One belated follow-up that I meant to include in the original mail:
An advantage of having 'DefaultRectangular' able to choose between row-
and column-major order (or potentially, eventually, other layouts --
tiling? Morton order?) is that most other domain maps are built in terms
of DefaultRectangular. So (I believe) it would probably simplify our
ability to have other array implementations change their layout. E.g.,
you could imagine having 'Block' take a similar 'param' and thread it down
into the DefaultRectangulars that it uses to represent each local's block
of data rather than having it switch to a completely different domain map.
-Brad
On Tue, 11 Jul 2017, Brad Chamberlain wrote:
Hi Apan --
Thanks for continuing to wrestle with these questions of memory layout which,
I agree, are very important (and increasingly so).
A few people have taken stabs at doing column-major domain maps in Chapel
over time (e.g., test/arrays/marybeth/CMO_array.chpl was an early
proof-of-concept that has arguably long outlived its utility and I suspect
isn't really worth poking into beyond noting that it exists). But, as you've
probably observed, none have made it into the standard modules or release. I
think it'd be great to change that.
My thought about how to approach this would be to have the DefaultRectangular
layout take a 'param' argument indicating whether to use row- or column-major
order in order to minimize software layers and complexity while keeping that
decision as much in the core array type as possible. I've long hypothesized
that the changes to the domain map ought to be as simple as adding the param
and reversing a few of the loops that iterate over the dimensions in order to
calculate offsets and such. But I could be overlooking something.
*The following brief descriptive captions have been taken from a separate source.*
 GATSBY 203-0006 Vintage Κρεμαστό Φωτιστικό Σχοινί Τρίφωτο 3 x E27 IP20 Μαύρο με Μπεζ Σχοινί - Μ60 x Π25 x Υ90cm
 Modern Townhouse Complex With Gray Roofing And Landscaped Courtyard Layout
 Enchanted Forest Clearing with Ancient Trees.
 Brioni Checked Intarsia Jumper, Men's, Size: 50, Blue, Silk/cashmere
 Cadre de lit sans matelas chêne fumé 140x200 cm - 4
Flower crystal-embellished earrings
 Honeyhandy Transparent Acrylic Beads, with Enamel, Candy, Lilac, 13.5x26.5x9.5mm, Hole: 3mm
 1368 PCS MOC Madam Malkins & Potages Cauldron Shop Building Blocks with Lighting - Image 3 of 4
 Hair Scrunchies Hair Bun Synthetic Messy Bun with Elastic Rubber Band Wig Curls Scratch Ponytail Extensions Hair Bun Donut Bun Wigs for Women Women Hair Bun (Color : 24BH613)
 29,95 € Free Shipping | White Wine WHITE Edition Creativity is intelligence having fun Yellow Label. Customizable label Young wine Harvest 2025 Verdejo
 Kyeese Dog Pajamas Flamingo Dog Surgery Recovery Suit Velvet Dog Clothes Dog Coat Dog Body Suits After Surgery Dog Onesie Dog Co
Then the remaining challenge would be around how to expose
'DefaultRectangular' to the user so that they could invoke it directly to
override the default value of that param, say. This would likely involve a
conversation about naming (DefaultRectangular has always been intended as an
internal working name rather than something a user would call, but with an
appropriate choice of name, I think we could/perhaps should expose it to the
user. I think of this as some wrestling with naming (which is always
surprisingly hard) and minor code shuffling.
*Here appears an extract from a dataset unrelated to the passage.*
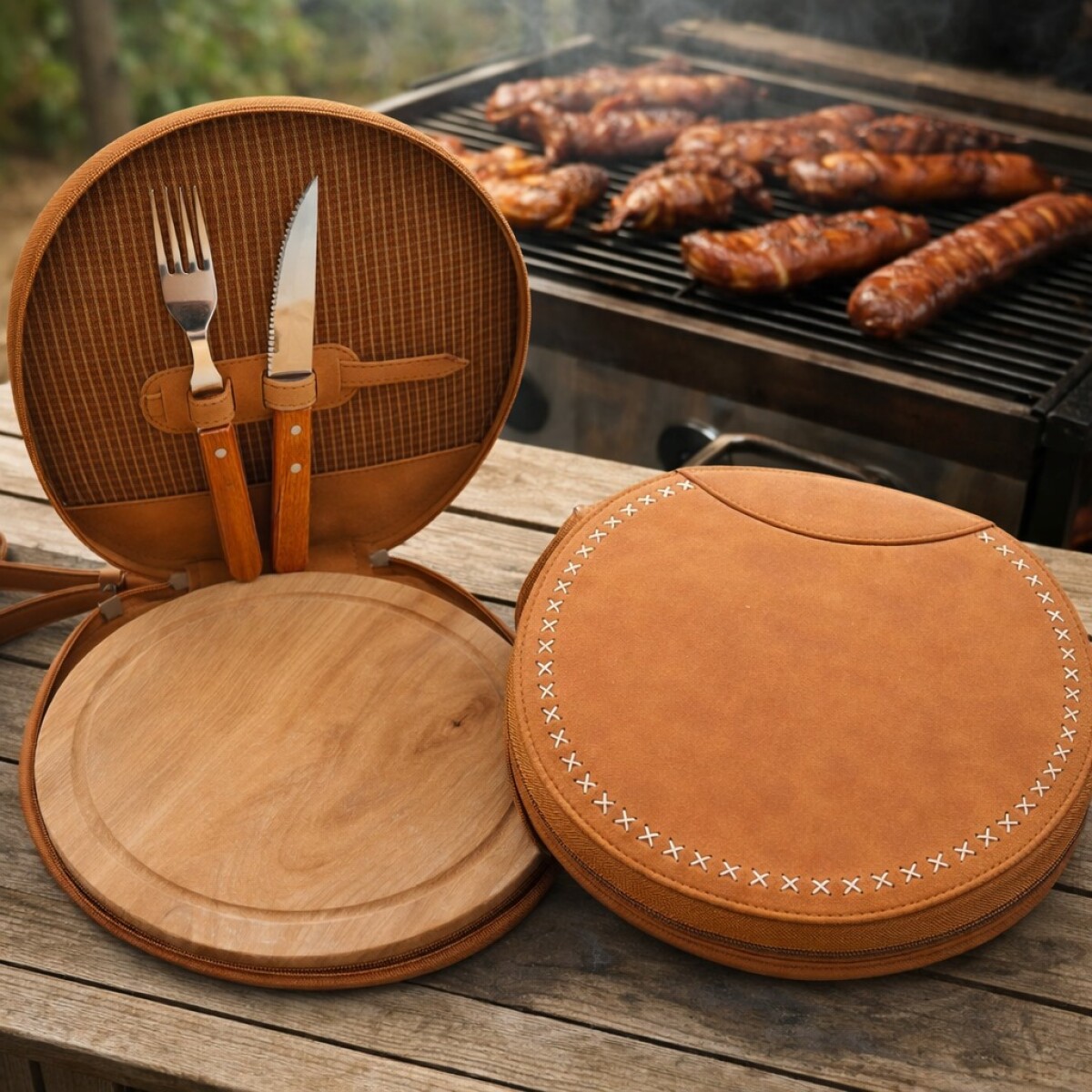 Set Parrillero con Tabla de Madera Cubiertos y Estuche - Marrón Claro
(Or maybe we'd just have two instances of DefaultRectangular available to the
user to use in a 'dmapped' clause if they wanted to be explicit, one set up
for row-major order and one for column-major?).
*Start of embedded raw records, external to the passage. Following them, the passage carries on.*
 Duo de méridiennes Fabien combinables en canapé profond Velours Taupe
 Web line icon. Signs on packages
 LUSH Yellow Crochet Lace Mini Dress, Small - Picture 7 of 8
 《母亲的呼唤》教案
Anyway, those are my immediate thoughts -- others' may vary,
-Brad
On Tue, 11 Jul 2017, Qasem, Apan M wrote:
Hello,
I am investigating data layout transformations in Chapel that are suitable
for heterogeneous memory hierarchies. Organization of data - layout and
placement - can have a huge impact on the performance of heterogeneous
applications. For example, an AoS data structure allocated in host (CPU)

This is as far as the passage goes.